Edit: I wouldn't necessarily spend this much I'm cheap and when I did play games would only spend half that but if you want something just insanely capable in that price you could get this for 1500 right now https://deals.dell.com/en-us/mpp/productdetail/3bks


----------



## backwoodsman7 (Mar 22, 2007)

How close is your computer to Runescape's system requirements? It looks like most machines that run Windows 10 fairly well should do OK, although you may need to upgrade your graphics card. That's a whole lot cheaper than a new computer.

https://runescape.wiki/w/Game_requirements#System_Requirements

In general, avoid computers or parts that are sold mainly as "gaming". They have lots of fancy lights and styling that you pay for, but don't do anything for you, and often the quality isn't that great because they're going after a market that will eagerly pay too much for anything that says "gaming" and looks cool.


----------



## Nevada (Sep 9, 2004)

Dyrne is correct, the video adapter makes a gaming computer what it is. That's because it takes a high end graphics adapter to deliver animated graphics fast enough to prevent game slowdowns. But you'll also find other enhancements, such as the newest high end processor, high resolution monitor, backlit keyboard, enhanced power & cooling technology, and lots of memory. While most of us are no longer accustomed to spending a lot of money on a computer, a contemporary gaming computer can cost thousands.

The term 'quality' doesn't really apply. They're all of good quality. The deciding factor is in which features are available.
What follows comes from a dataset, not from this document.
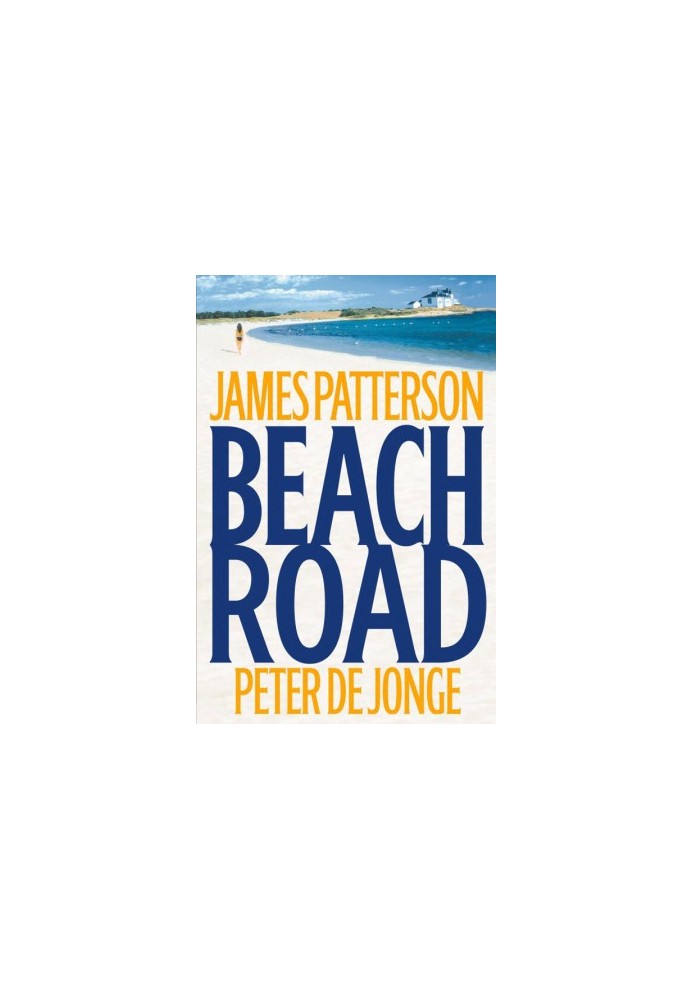 Beach Road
That said, there are several brands with reputations for good gaming features. Alienware and XPS (both made by Dell) seem to be the frontrunners, which you might notice the characters on Big Bang Theory use. But I've seen nice gaming systems by Lenovo and others. I would shop by features, but if you want to make your friends think you're a serious gamer then get an Alienware machine. Investing in an Alienware machine demonstrates that you're serious.










Since graphics adapter technology evolves quickly you might want to get a desktop rather than a laptop. That way you can upgrade your graphics adapter when new models are released. But if you meet with other gamers in person you might need a gaming laptop.


----------



## Gary in ohio (May 11, 2002)

FInd the games you want and see the specs. Figure a good gaming system starts at a $1000


----------



## motdaugrnds (Jul 3, 2002)

Thank you all for helping. The computer I'm presently using is: (Last year I tried to update its graphics card and discovered it was too old.)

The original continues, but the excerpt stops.